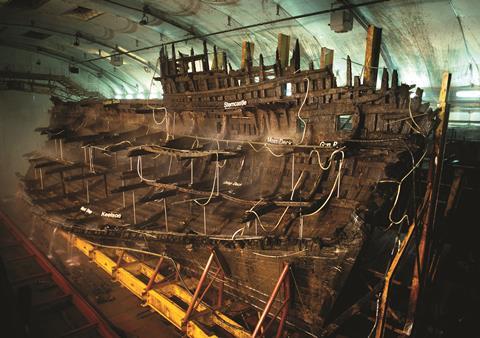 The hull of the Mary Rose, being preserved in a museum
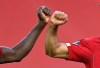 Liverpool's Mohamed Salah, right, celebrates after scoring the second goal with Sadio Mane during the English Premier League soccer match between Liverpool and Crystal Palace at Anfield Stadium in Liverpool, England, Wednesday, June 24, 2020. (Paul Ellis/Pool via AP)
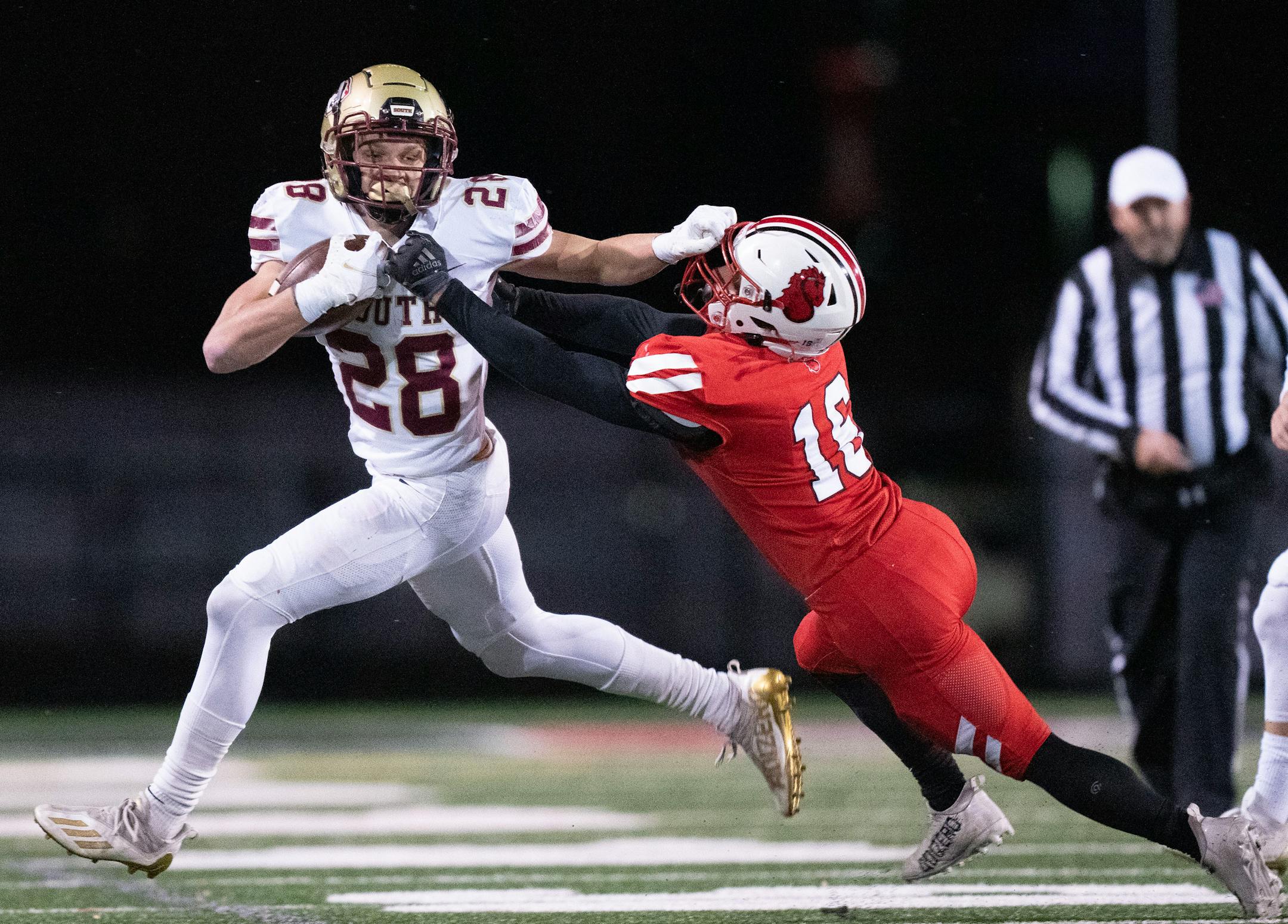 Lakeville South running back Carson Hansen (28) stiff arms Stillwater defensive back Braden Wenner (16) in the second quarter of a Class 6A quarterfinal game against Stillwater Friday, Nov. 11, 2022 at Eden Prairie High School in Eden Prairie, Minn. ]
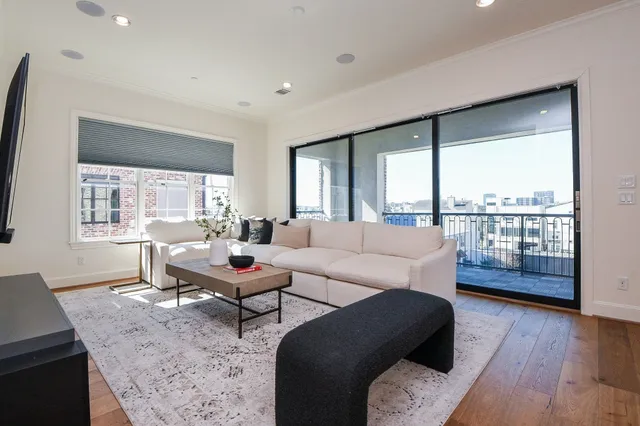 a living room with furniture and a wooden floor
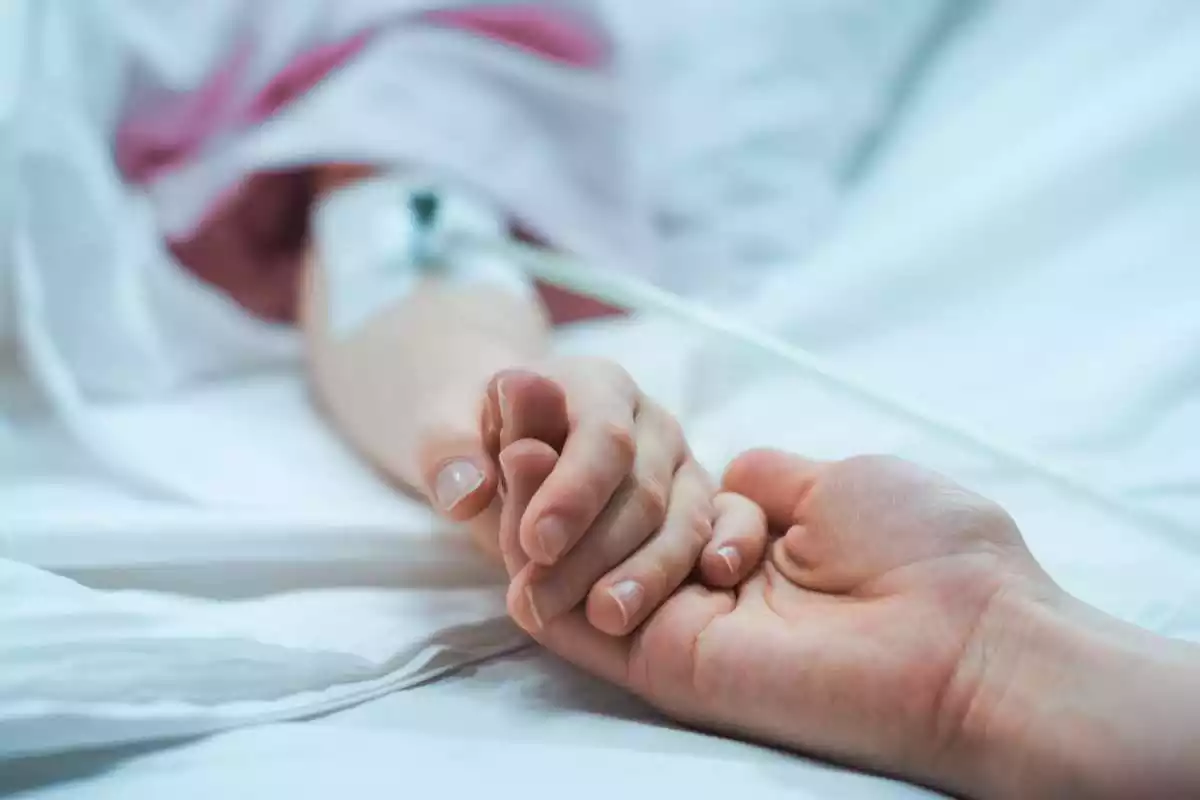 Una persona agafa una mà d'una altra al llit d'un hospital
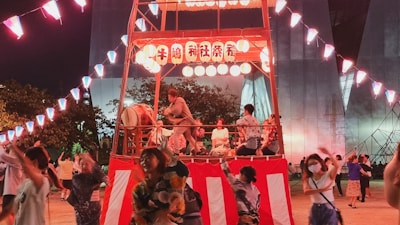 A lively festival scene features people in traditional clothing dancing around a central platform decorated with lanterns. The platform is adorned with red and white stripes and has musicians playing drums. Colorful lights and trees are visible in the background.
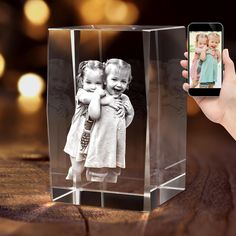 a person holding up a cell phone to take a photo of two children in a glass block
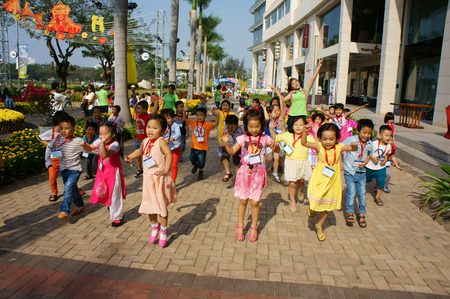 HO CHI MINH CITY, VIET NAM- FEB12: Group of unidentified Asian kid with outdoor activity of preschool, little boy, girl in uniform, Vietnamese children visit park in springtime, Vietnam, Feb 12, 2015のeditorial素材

#####

#### Work task:
Set down all entries above again, exactly, without images.

#### Answer section:
 The hull of the Mary Rose, being preserved in a museum
 Liverpool's Mohamed Salah, right, celebrates after scoring the second goal with Sadio Mane during the English Premier League soccer match between Liverpool and Crystal Palace at Anfield Stadium in Liverpool, England, Wednesday, June 24, 2020. (Paul Ellis/Pool via AP)
 Lakeville South running back Carson Hansen (28) stiff arms Stillwater defensive back Braden Wenner (16) in the second quarter of a Class 6A quarterfinal game against Stillwater Friday, Nov. 11, 2022 at Eden Prairie High School in Eden Prairie, Minn. ]
 a living room with furniture and a wooden floor
 Una persona agafa una mà d'una altra al llit d'un hospital
 A lively festival scene features people in traditional clothing dancing around a central platform decorated with lanterns. The platform is adorned with red and white stripes and has musicians playing drums. Colorful lights and trees are visible in the background.
 a person holding up a cell phone to take a photo of two children in a glass block
 HO CHI MINH CITY, VIET NAM- FEB12: Group of unidentified Asian kid with outdoor activity of preschool, little boy, girl in uniform, Vietnamese children visit park in springtime, Vietnam, Feb 12, 2015のeditorial素材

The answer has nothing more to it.